De maneira geral, Deus é concebido como o ser supremo e perfeito, a fonte de toda a existência e a causa primária de todas as coisas. Ele é considerado onisciente, onipotente e onipresente. A ideia de Deus como o "motor imóvel", que move todas as coisas sem ser movido, é uma influência da filosofia aristotélica.

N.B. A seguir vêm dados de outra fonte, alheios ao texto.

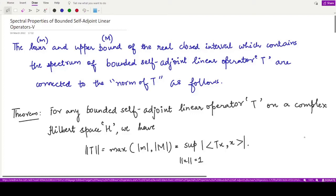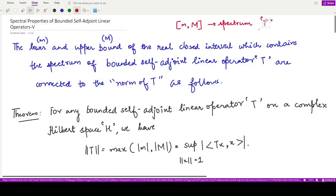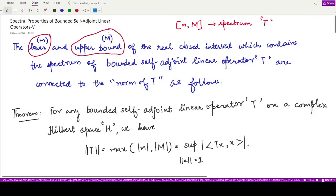Hello everyone, welcome to this video. In this video we shall be looking at another property of bounded self-adjoint linear operators. We already know that on the real line we have some closed interval with lower bound m and upper bound capital M which contains the whole spectrum of the given self-adjoint bounded linear operator T. Now we shall see how these bounds m and M are connected with the norm of T.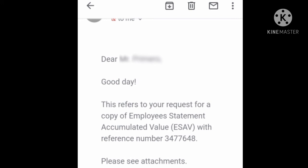Once your request has been approved, Pag-ibig will send you an email with a copy of your Employee Statement of Accumulated Value or ESAV. And that's the end of our video tutorial.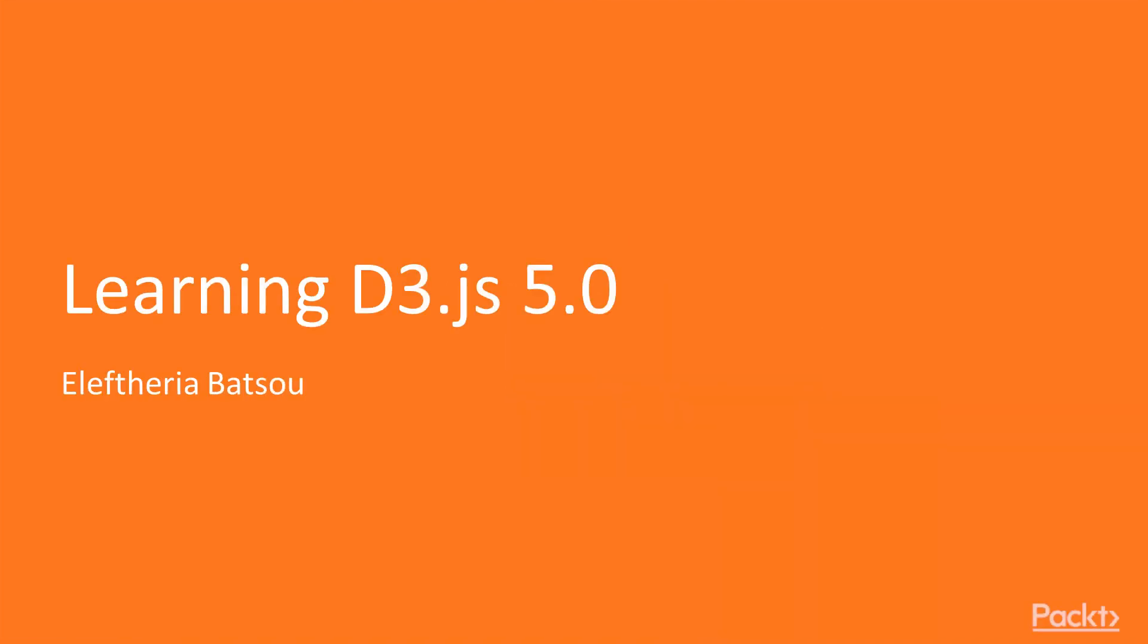Welcome to the video course Learning D3.js by Packt Publishing. I'm Eleftheria Batsou and I'll be your instructor.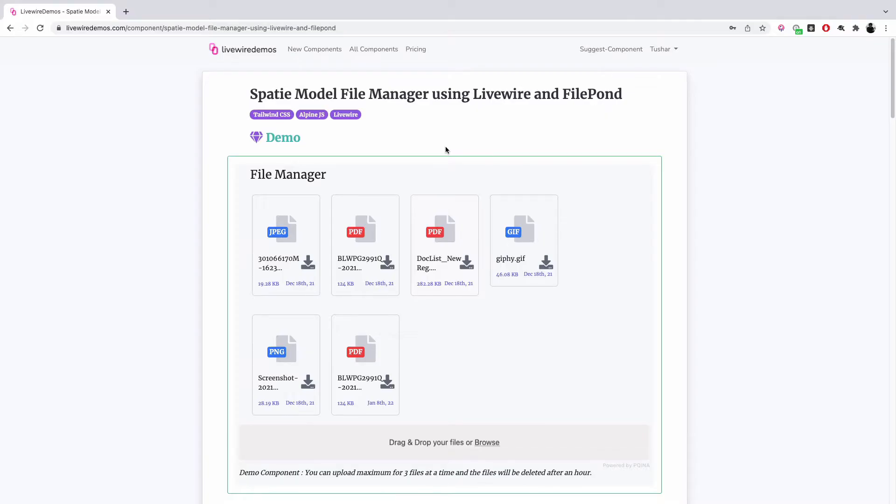Hey there, so in this video we will go through another Livewire component, and this one is a file manager using Sparty media library. This is the user interface where you can see all the files attached to a model.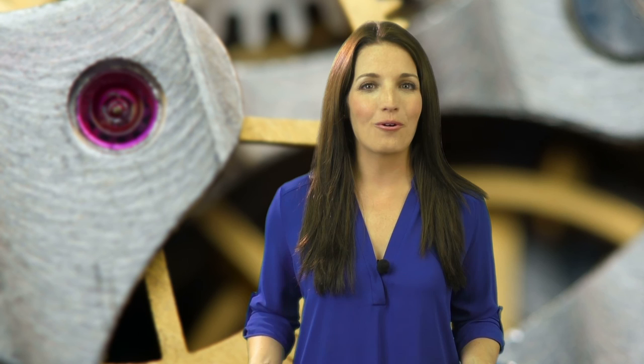Designing different types of holes is easy. Thanks for watching and be sure to see our other videos for more useful tips. Bye for now.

Além disso, na Filosofia Medieval, Deus é frequentemente associado com atributos como a bondade, a justiça e a providência divina. A questão da relação entre a razão e a fé também foi explorada por muitos filósofos medievais, buscando conciliar a revelação religiosa com o conhecimento racional.
Essa concepção de Deus na Filosofia Medieval teve um impacto significativo no desenvolvimento da teologia cristã e na compreensão da natureza divina ao longo da história.